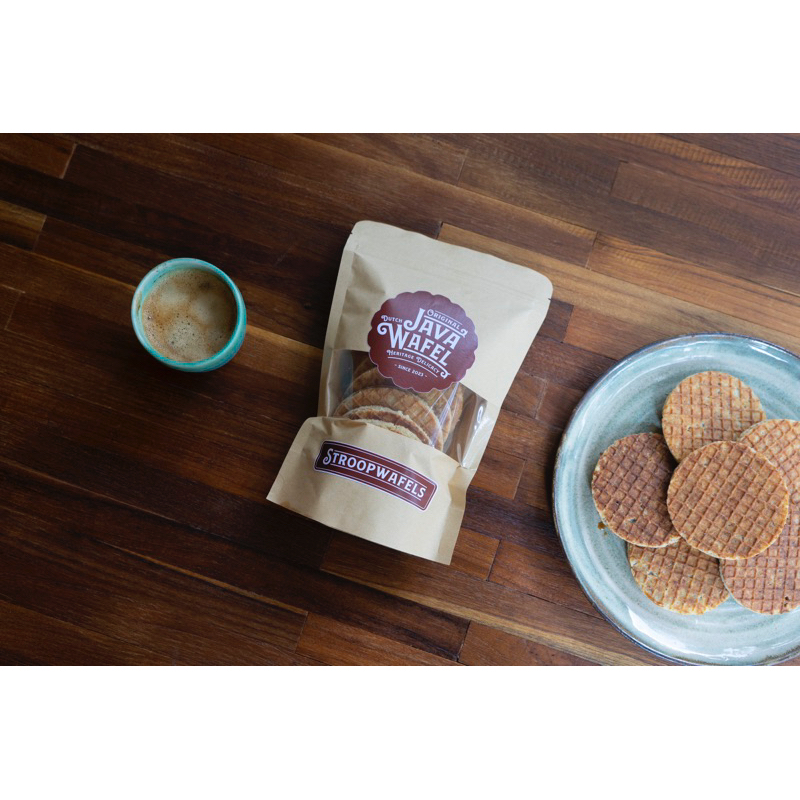Jual Stroopwafels by JavaWafel Shopee Indonesia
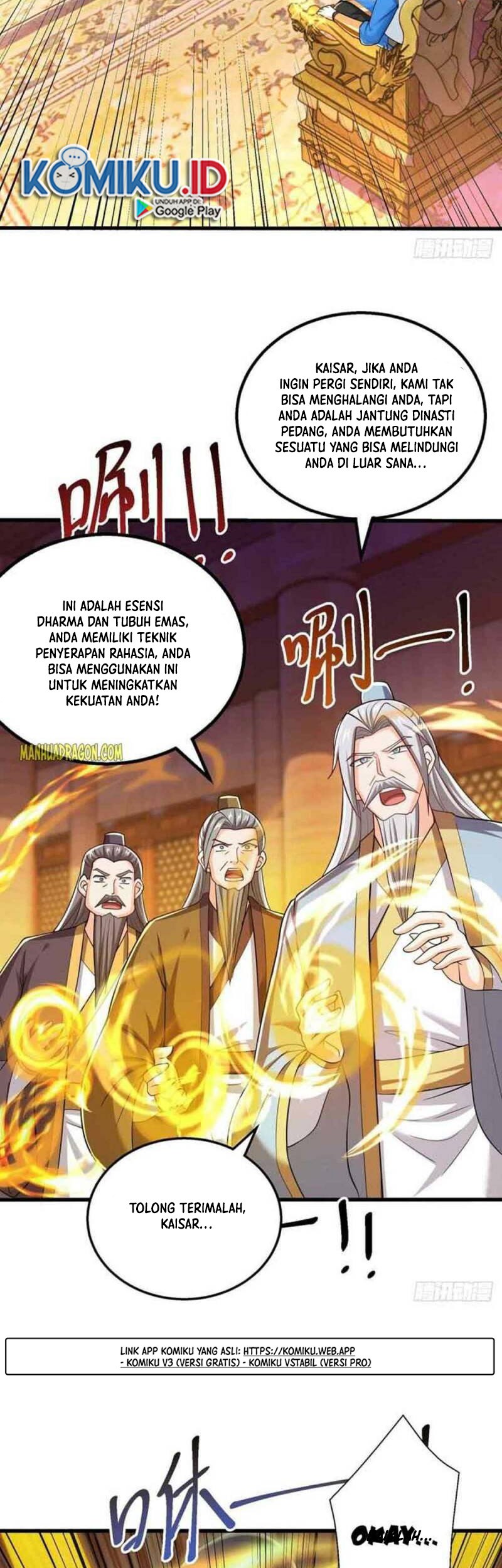 Dushi Xiaoyao Chapter 325 - halaman 8
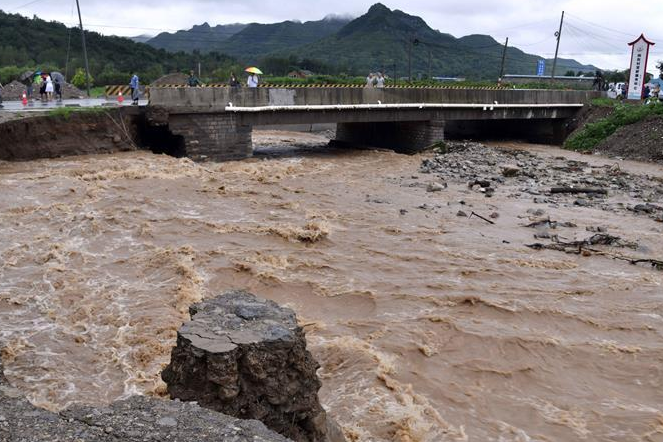 湖南自西向东有一次较强降雨过程 外出注意地质灾害发生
——
• _TASK INSTRUCTIONS_:
Print the data above exactly; drop every picture.

• _SOLVED EXERCISE_:
Jual Stroopwafels by JavaWafel Shopee Indonesia
 Dushi Xiaoyao Chapter 325 - halaman 8
 湖南自西向东有一次较强降雨过程 外出注意地质灾害发生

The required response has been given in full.